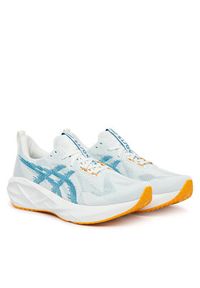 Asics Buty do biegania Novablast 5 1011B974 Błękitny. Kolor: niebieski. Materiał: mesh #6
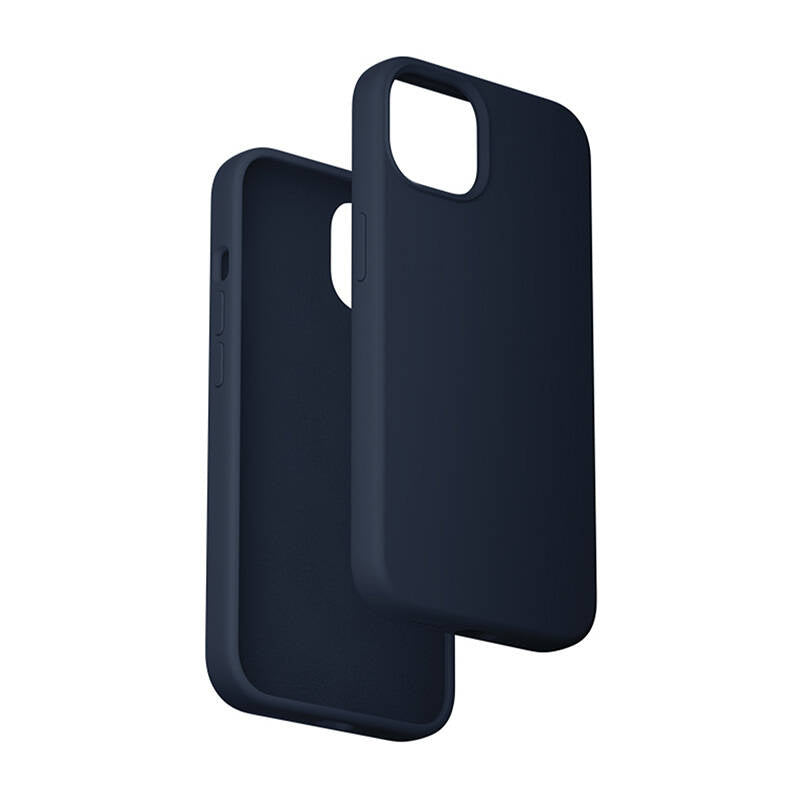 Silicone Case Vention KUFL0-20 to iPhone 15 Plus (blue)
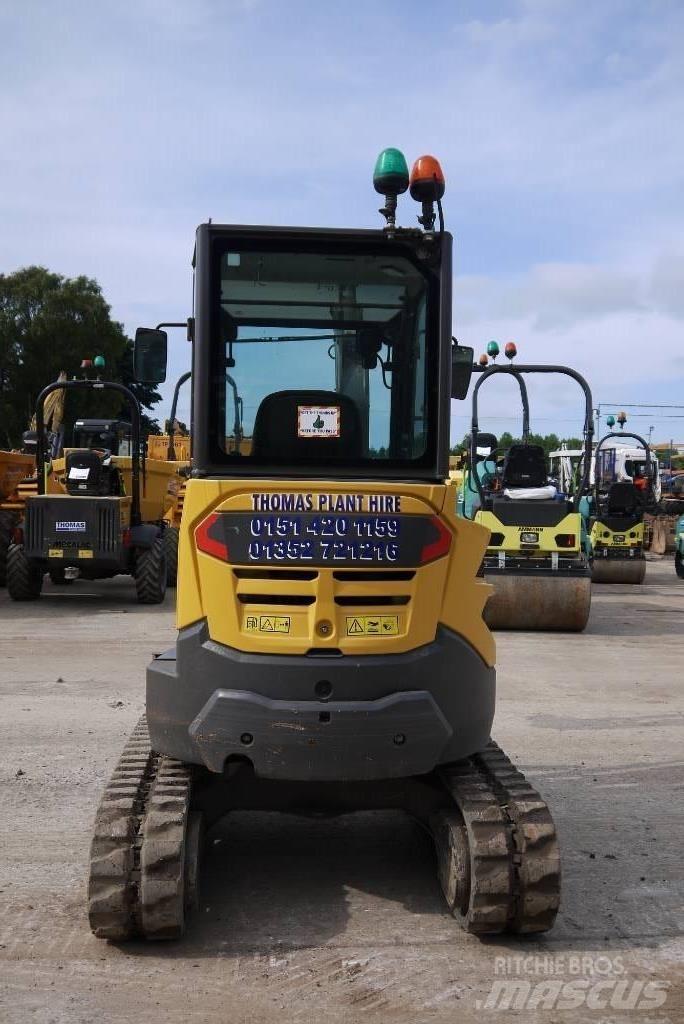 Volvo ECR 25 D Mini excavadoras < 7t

..........

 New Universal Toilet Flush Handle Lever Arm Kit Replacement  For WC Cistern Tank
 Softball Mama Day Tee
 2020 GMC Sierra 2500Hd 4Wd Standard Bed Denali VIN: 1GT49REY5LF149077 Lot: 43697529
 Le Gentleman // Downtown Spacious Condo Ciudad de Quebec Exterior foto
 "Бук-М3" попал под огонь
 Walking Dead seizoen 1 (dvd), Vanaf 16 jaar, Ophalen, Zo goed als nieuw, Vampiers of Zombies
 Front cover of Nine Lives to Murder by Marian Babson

..........

PROBLEM DESCRIPTION
When you reach the line holding "Asics Buty do" in the listing above, begin retyping exactly, and stop once the line holding "Volvo ECR 25 D Mini excavadoras < 7t" is done; pictures stay out.

THE ANSWER
 Asics Buty do biegania Novablast 5 1011B974 Błękitny. Kolor: niebieski. Materiał: mesh #6
 Silicone Case Vention KUFL0-20 to iPhone 15 Plus (blue)
 Volvo ECR 25 D Mini excavadoras < 7t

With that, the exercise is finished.